Magda Szatanek : mystères du corps-fantôme
Il existe un « flow » dans les autoportraits (les portraits aussi de Magda Szatanek. La créatrice inspire de nombreux photographes mais elle sait aussi « faire le travail » dans des prises (presque) contrôlées et qui ne débordent jamais (ou presque). Mais l’adverbe en parenthèses est chez elle travaillé à dessein pour jouer des ambiguïtés. Si dans certains autoportraits de l’artiste la température au sol ne doit pas être loin de 39°, parfois le cliché se rapproche de féeries plus glacées.
Tout est en frôlements dans le clair-obscur des émotions. Quelques dessous vaporeux désaxent des pensées, invitent à un dérèglement implicite et contrôlé dans ce que Julie Salin nomme avec ironie « la viande d’amour ».

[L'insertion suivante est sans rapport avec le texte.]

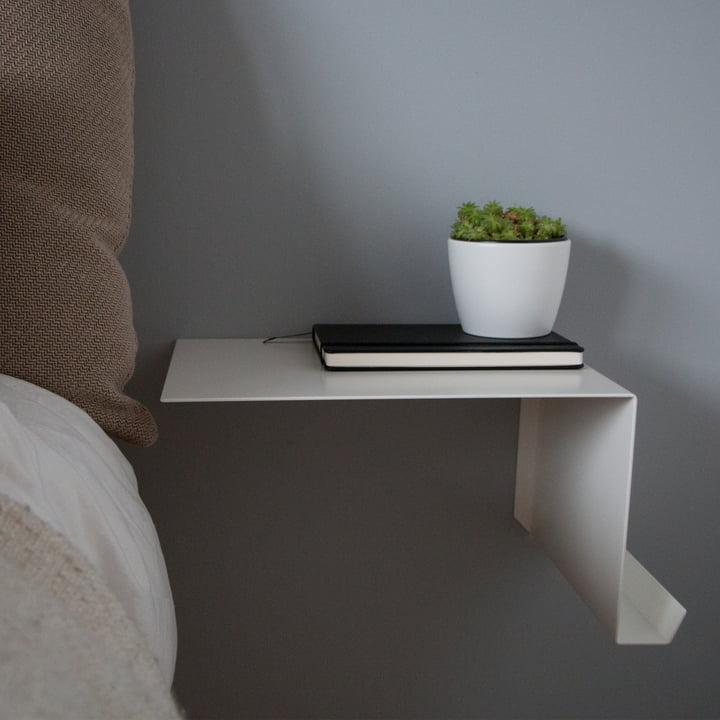 Bedside Table rechts von Nichba Design in Weiß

Celle ci renverse la nuit en plein jour. Et Magda Szatanek en profite : devant comme derrière l’appareil elle se fait poreuse, éprise, auto-traversée peau à peau, déshabillée loin des parures même si demeurent les quelques étoffes du silence. La suavité feule dans la diaphanéité de l’air. Il remue à portée du geste à l’épreuve d’une réalité enfouie par la relève du corps d’une nouvelle Ophélie. Plus vivante aujourd’hui qu’hier et bien moins que demain.